Read The Town in Bloom Page 2


  I jumped in and said, ‘Follow that bus!’ It sounded so melodramatic that I felt I’d better explain. ‘There’s someone on it I want to catch, a friend I’ve lost touch with.’

  The driver said the bus would probably get held up at the next traffic lights and so should we. ‘Do you want to get out then and jump on it?’

  Did I? No, I couldn’t talk to Zelle amidst other people. I said I wanted to follow the bus until my friend got off it. ‘And then we’ll follow her and I’ll make up my mind what to do. What I want most is to find out where she lives. I’m not really sure I ought to rush at her. You see, she was running away from me.’

  He was a kind man and quick on the uptake; I always seem to get nice taxi-drivers. He asked if my friend was the old girl he’d seen hop on the bus – ‘Looked as if she’d come down in the world, and that can make people touchy.’

  ‘Exactly. So it might be wiser to write to her rather than force her to talk to me now.’

  ‘Hope the bus doesn’t get through traffic lights where I get held up.’

  By good luck that never happened; and in not much more than five minutes Zelle got off the bus and turned into a street lined with expensive flats.

  ‘Now we’ve got to be clever,’ said the driver. ‘If she knows we’re following her she might give us the slip. Lucky there are no shops round here where she can go in at one door and out at another. That’s the way you lose them.’

  I asked if he often had to follow people and he said quite a lot of it had come his way. ‘Usually detectives following husbands or wives – though sometimes wives do their own sleuthing. Needs a bit of knack when you’re following someone who’s walking or they spot you. I don’t think your friend has yet, still we’d better pull up and let her get ahead.’

  He waited until she turned the next corner, then drove on quickly. When next we caught sight of Zelle she was crossing a well-kept old square. I said, ‘Surely she can’t be as poor as she looks if she lives near here? Not, of course, that I can be sure she’s going home.’ I’d only just thought of that.

  ‘Anyway, there’s a street of tenement flats behind this square,’ said the driver. ‘She might be making for that. Yes, I bet you she is.’ Zelle had left the square and turned a corner. ‘Not sure she didn’t catch sight of us then – see her look over her shoulder? We’ll have to hurry now or we may lose her.’

  When we followed her round the corner I saw that, as so often in London, a shabby district was embedded in the heart of an expensive one. The tenement flats occupied land which must by now be fabulously valuable. We were just in time to see Zelle go in at a doorway.

  ‘Now we’ll go past and you can get the number,’ said the driver. ‘And then I’ll take you into the next street and you can make up your mind what you want to do.’

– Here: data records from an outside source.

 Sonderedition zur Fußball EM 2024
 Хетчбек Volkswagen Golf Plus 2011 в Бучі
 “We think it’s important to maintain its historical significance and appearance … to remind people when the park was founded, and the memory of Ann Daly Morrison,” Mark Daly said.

  The block of flats Zelle had entered was of red brick with yellow facings, dark now with London soot. I looked at the windows, hoping to spot some touch of individuality which might indicate where Zelle lived but the curtains were of an almost uniform drabness. This was no slum but, to me, it was more depressing than one. There is often a touch of drama, even gaiety, in the life of a teeming slum; here there was only a grim, grubby respectability.

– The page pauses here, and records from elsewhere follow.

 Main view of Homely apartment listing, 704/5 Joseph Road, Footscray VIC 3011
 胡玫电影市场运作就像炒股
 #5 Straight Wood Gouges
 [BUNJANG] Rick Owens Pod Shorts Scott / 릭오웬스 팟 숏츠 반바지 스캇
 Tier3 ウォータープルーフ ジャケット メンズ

  I noted the doorway Zelle had entered, and saw that it served eight flats. If I wrote to her it might not matter that I did not know the number of her flat. But it now struck me that I did not even know her present name – most likely she had married. And even if my letter reached her she might ignore it. The only certain way of getting in touch with her was to enquire at each of the flats until I found her. Was I going to?

  The taxi-driver, having turned the next corner, had pulled up and sat patiently waiting. I tried to think things out. Zelle had not wanted to meet us. She had run away from me. But might she not feel differently after even a few minutes’ conversation? And surely we ought to help her? I still had a hope that she might be in disguise – that mangy-looking fur was a bit too fantastic – but she could hardly be well off if she lived in this dreary place. I could only do a little for her myself but Molly and Lilian could afford to do plenty. And Lilian desperately longed to see her. Yet somehow …

  One thing I was sure of: I must not let Lilian know where Zelle could be found without Zelle’s permission. But suppose she would not give it? Could I face telling that to Lilian – and withstand her demands? Or could I, having talked to Zelle, lie and say she had escaped me? My thoughts went on and on, considering possibilities. And always I was conscious that the girls were waiting at the hotel. ‘The girls’ – absurd phrase for us now but it still came naturally to me. And for an instant I saw us as we had been when we first lunched at that window table, with Zelle as hostess. So soon after that the break with her had come. Had she felt bitter? Perhaps she still did. But she had come to have a look at us.

  It was no use. I should never make up my mind while the driver sat waiting, tactfully silent though he was. Besides, the steadily ticking-up meter was unnerving. Just across the road was a café, a poor little place but it would do to think in, over a cup of coffee. I paid off my kind driver.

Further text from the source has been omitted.